Maybe a rose by any other name would smell as sweet, but slapping the label “rose” on a skunk would not improve the impression the small mammal makes on those in proximity to its scent.
And that is the problem with the widely used new term “smart beta,” which generally has a positive connotation in the investment world but which is increasingly being applied to products with a rank smell — perhaps at least to Rob Arnott, whose firm, Research Affiliates, is most identified with smart beta.
In a newly published essay, Arnott, together with Research Affiliates senior researcher Engin Kose, wades into the fray on the true meaning of smart beta, which he views as “one of the most overused, ill-defined, and controversial terms in the modern financial lexicon.”
While Research Affiliates’ smart beta products have been commercially available now for close to 10 years, Arnott has perhaps been circumspect about defining a term that he makes clear was not his own invention.
So why speak up now?
“The success of so-called smart beta products has attracted a host of new entrants purporting to be smart beta products when, frankly, they aren’t!”
The fact that his own smart beta products — once derided as repackaged value investing based on back-tested data, he recalls — are just shy of 10 years of live data demonstrating their outperformance relative to cap-weighed indexing also suggests the need for a concrete definition of the strategy that has produced these results.
For starters, smart beta should not be understood as merely something other than traditional cap-weighted indexing.
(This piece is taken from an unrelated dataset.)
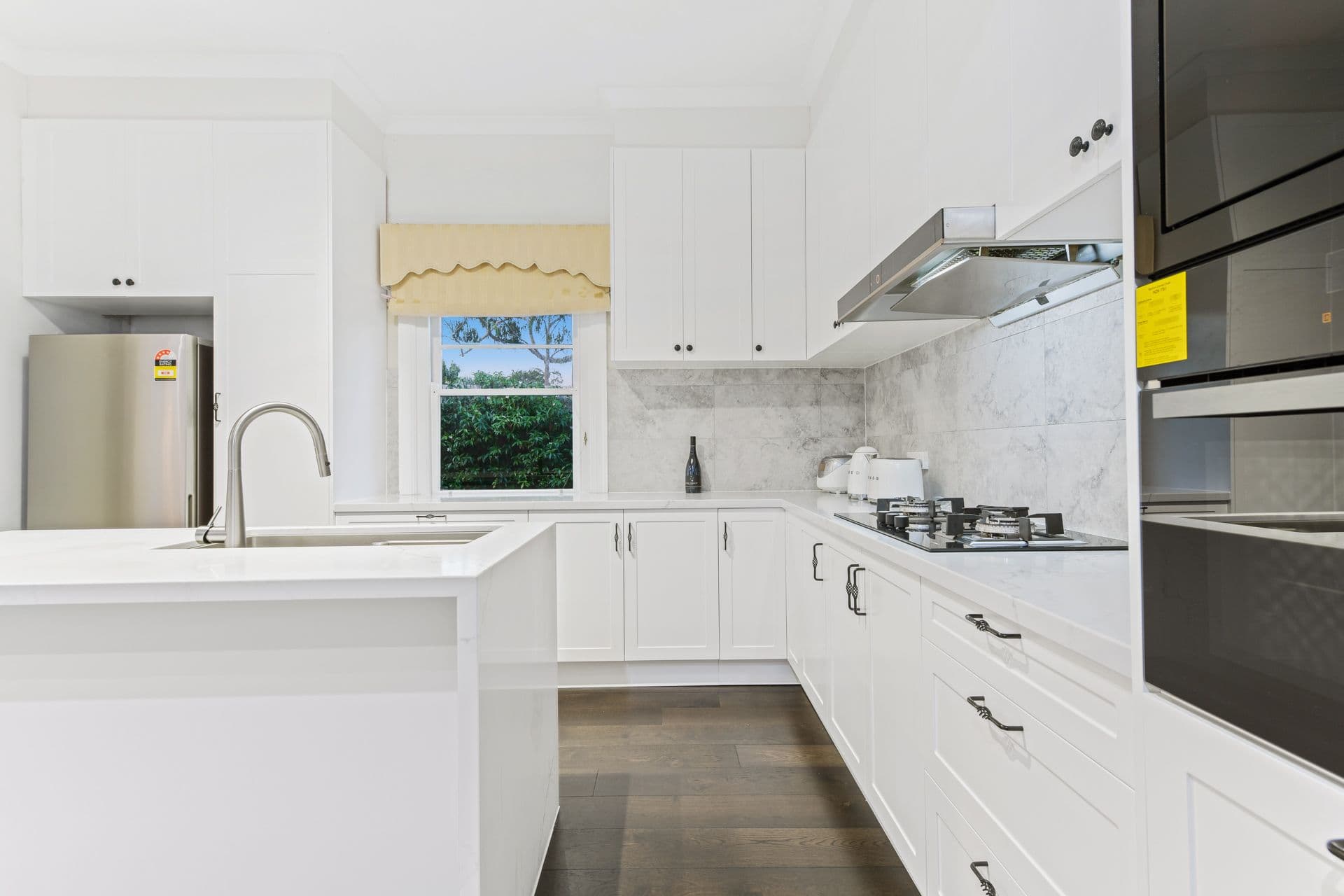 13 Victoria Street, Box Hill VIC 3128, Box Hill - Thumbnail 6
In fact, Arnott and Kose gallantly defend the rival indexing approach from charges that it is “dumb beta.”
“If an investor wants to own the broad market, wants to pay next to nothing for market exposure, and doesn’t want to play in the performance-seeking game, cap-weighted indexing is the smartest choice, by far,” they write.
Respectfully acknowledging the integrity of this strategy, Arnott’s worry seems to be the “me-too firms” that want to “stamp smart beta on anything that’s not cap-weighted indexing.”
Towers Watson, the investment consulting firm that coined the term smart beta, last year sought to add clarity to the term by defining it as “good investment ideas … structured better,” adding that such strategies should be “simple, low-cost, transparent and systematic.”
Arnott and Kose want to build on that definition, specifically with respect to equities. Here is their definition:
“A category of valuation-indifferent strategies that consciously and deliberately break the link between the price of an asset and its weight in the portfolio, seeking to earn excess returns over the cap-weighted benchmark by no longer weighting assets proportional to their popularity, while retaining most of the positive attributes of passive indexing.”
This definition enables them to sharply contrast their approach to that of cap-weighted portfolios, whose indices are linked to price and therefore “automatically increase the allocation to companies whose stock prices have risen, and reduce the weight for companies whose stock prices have fallen.”